Come sono cambiati i rapporti tra ebrei e arabi israeliani dopo l’inizio della guerra?
Sono cambiati in peggio. Persone che cercavano di convivere pacificamente perché colleghi di lavoro ora non si salutano e non si parlano. Sono situazioni che hanno sconvolto le relazioni perché c’è la paura, c’è la sfiducia reciproca. Sarà difficile ricostruire queste relazioni, sarà difficile riprendere un clima sereno tra loro.

Che ruolo possono avere i cristiani palestinesi in questa situazione?
Da sempre i cristiani sono stimati e apprezzati da tutti per la capacità di essere mediatori saggi fra le due parti. Grazie a Dio questa stima rimane. Sono responsabile per la Custodia dei rapporti con lo Stato d’Israele e l’Autorità palestinese, e conosco bene entrambe le parti. Come cristiani possiamo e dobbiamo continuare a chiedere la pace, e a lavorare per poterla ottenere in Terra Santa.
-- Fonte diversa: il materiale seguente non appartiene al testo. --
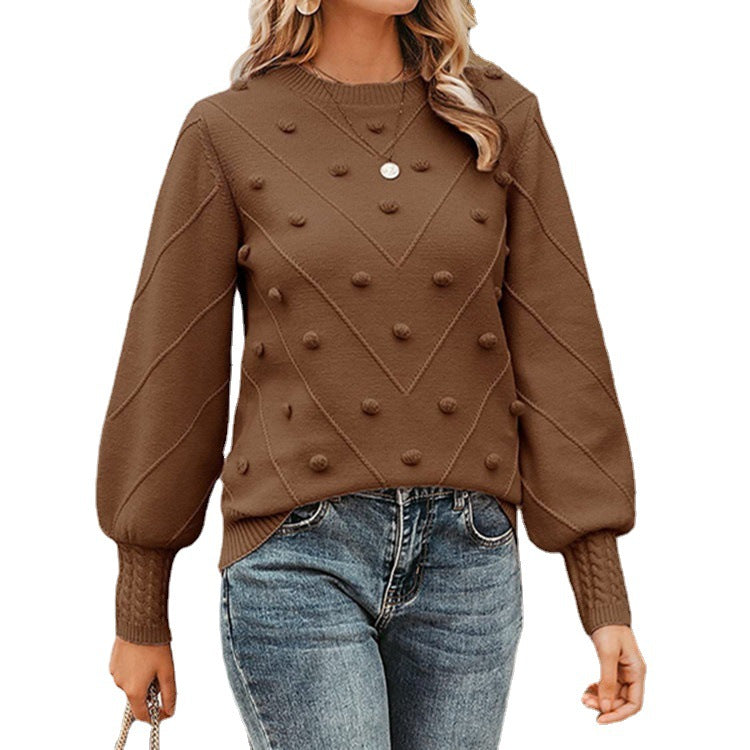 Damen Strickpullover mit 3D-Pünktchen Drune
È preoccupato anche per la zona di Nazareth?
Il nord d’Israele è purtroppo una zona calda e soggetta a essere un altro scenario di guerra. Gli attacchi dal Libano si fanno più frequenti. Certamente sono preoccupato perché la Terra Santa sarebbe ancora di più oppressa dalla violenza della guerra. Conto sempre sulla coscienza dei governanti, e spero che la situazione non si aggravi.

Gli israeliani si lamentano spesso, dall’inizio della guerra, della scarsa solidarietà delle opinioni pubbliche nei loro confronti, dicendo che ora la solidarietà internazionale è tutta per i palestinesi. Che vorrebbe dire loro?
Ho sempre difeso la vita che è sacra, come dice papa Francesco. I morti e i feriti, la sofferenza di bambini, donne, uomini, anziani, disabili per me non hanno distinzione di razza, nazionalità, religione. Non vorrei guardare neanche ai numeri dei caduti di entrambe le parti. Penso che ora la Palestina abbia pagato un prezzo molto alto per l’attacco di Hamas. È comunque la parte più debole, e bisogna smettere di usare le armi contro i civili inermi e indifesi di entrambe le parti.
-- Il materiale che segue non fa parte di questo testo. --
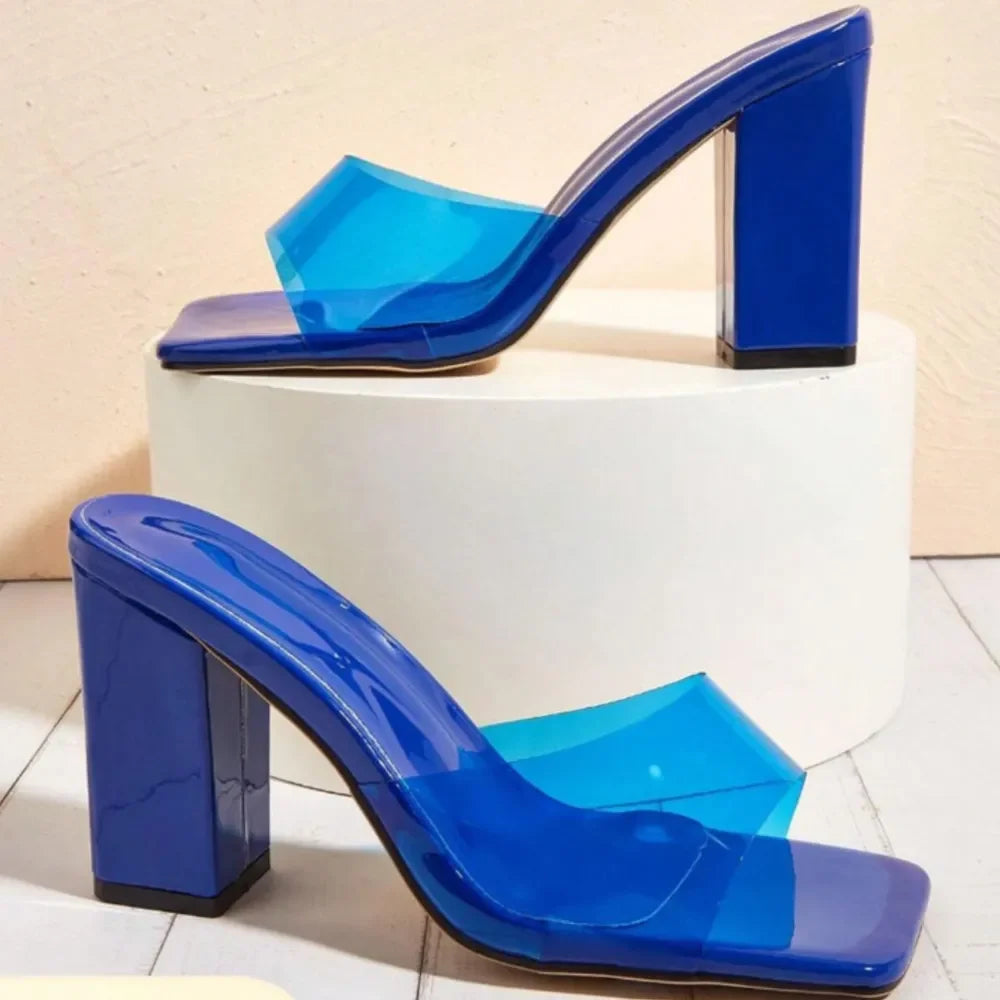 Square Toe Block Heels Sandals - Piña Colada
Cosa si dovrà fare per arrivare a una convivenza pacifica in Terra Santa?
L’unica strada da percorrere è quella che porta alla pace, e bisogna percorrerla dialogando. Chi ha il potere ora deve cessare il fuoco, deve avere e sentire la responsabilità di tante vite perdute. Deve farlo perché, nonostante tanto dolore, dobbiamo credere che la pace sia ancora possibile!